My role shifted from driving the experience strategy and design execution, to consulting teams on implementation best practices and advocating for teams to adopt the solution.
Our early experiment with Elevio showed that users were more active in their product after seeking help, and more successful in carrying out key actions. This built confidence in the solution and pushed Jira Service Desk to adopt it formally.
The experience strategy documentation we created to guide the experience throughout the years has been held up as the gold standard in product/content design strategy work at Atlassian.
Our MVP experience showed a number of results:
- In-product, contextual help content showed a 20% improvement in self-reported helpfulness scores, getting us much closer to our 80% helpfulness goal.

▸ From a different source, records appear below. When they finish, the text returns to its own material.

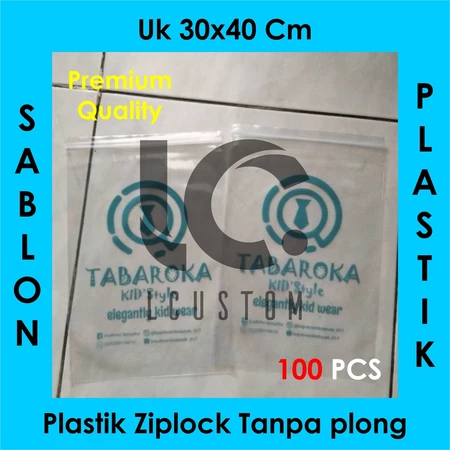 Sablon Plastik Ziplock Ukuran 30x40 Tanpa Plong Free Desain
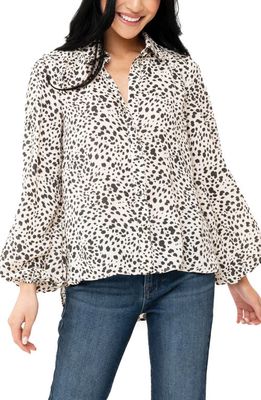 GIBSONLOOK Button Front Blouson Sleeve Blouse in Sand Dollar Animal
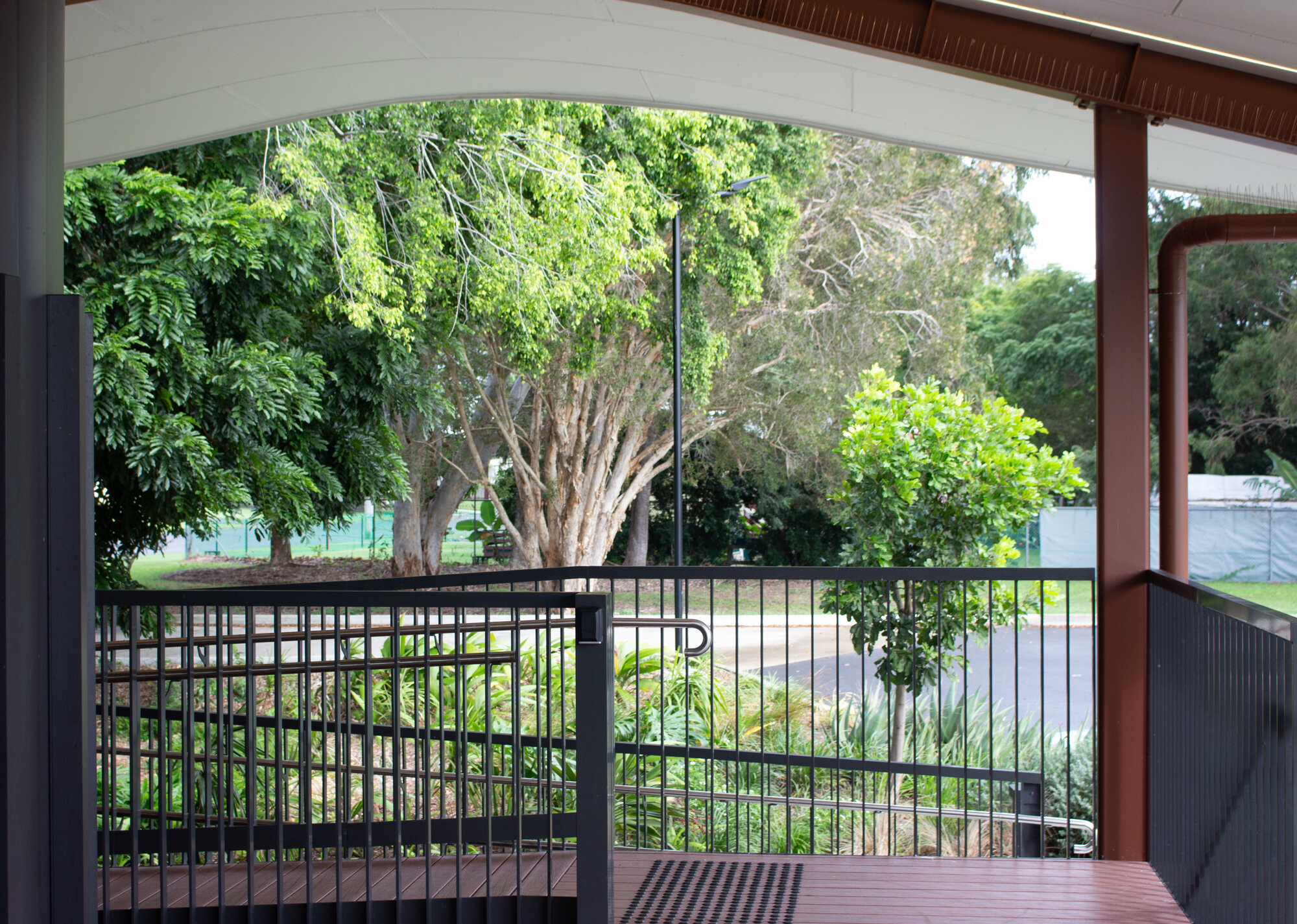 View of property entrance from verandah of the Deception Bay Environmental Hub - 7 Joseph Crescent Deception Bay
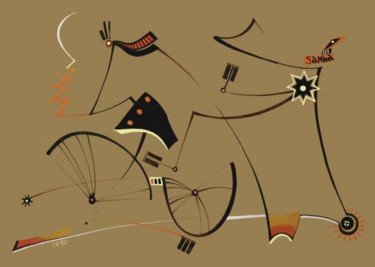 Painting titled "Antique Bicycle 3" by Elena Samborskaja, Original Artwork, Oil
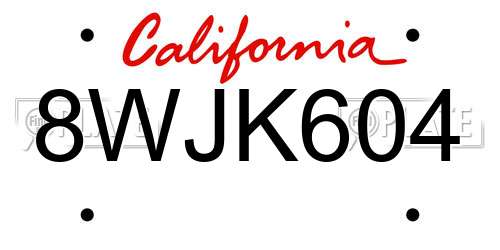8WJK604 California License Plate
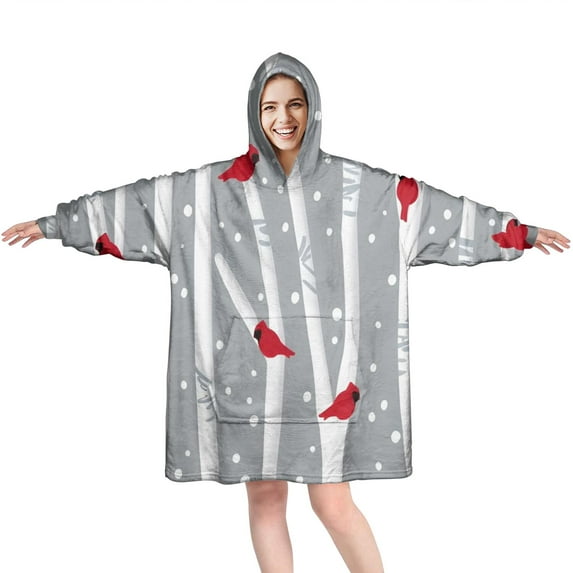 Wearable Oversized Blanket,Gray Christmas Cardinal Bird Pattern Wearable Blanket Hoodie for Adults,Cozy Hooded Blankets with Super Pockets,Super Warm Fuzzy Pullover for Women & Men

- Customers were 16% more likely to try new features after reading about them in help articles, in context and in situ of the product experience.
- Help seekers who read in-product help complete key product actions faster, more frequently, and over a longer period of time.
Anecdotally, product teams raved about how easy it was to implement a help service in their products. Developers at the team level wrote internal blog posts encouraging teams to include in-product help as part of their definition of done, simply because of how easy it was to implement and the value they believe it drove for their experiences.
This help experience, a personal project of mine, was fully funded in 2022. Atlassian funded a full product team (a PM, designer, and several engineers) to support this experience as it expands to more and more products.
I later helped expand the experience to include feature-flag-aware release note content, directly associated with the code as it’s deployed. But, that’s a whole other project in itself.
What I learned
This was a true case of using experimentation to build confidence in that value of an experience. I started scrappy, with a rented solution to prove the concept. Then, I moved into higher and higher fidelity, wider blast radius, and more complex use cases as we went. Some people call this Lean UX, but I never really fully grokked the term until practicing this approach during this project.
I learned a lot about storytelling and repetition. Since this project was never truly funded by Atlassian until the late stages of its development, I spent a lot of time learning how to advocate for our users and champion a solution that works for both our customers and the business. I learned how to speak product management, including learning SQL and what metrics were needed to tell a compelling business case. I also learned how to format strategies and recommendations so they inspire action from the business. Some of the best ideas die simply because we don’t take the time to communicate them properly.
I grew immensely over the life of this project. It was one of the first that I led completely autonomously, out of a desire to help the users that need it most - the ones that are lost and confused, that aren’t the bill payer or the admin, who may be forced to use a product they find complex, who are just trying to do their jobs in a modern age. I learned a lot about how to amplify their voices and prove the bottom line of experience-driven development.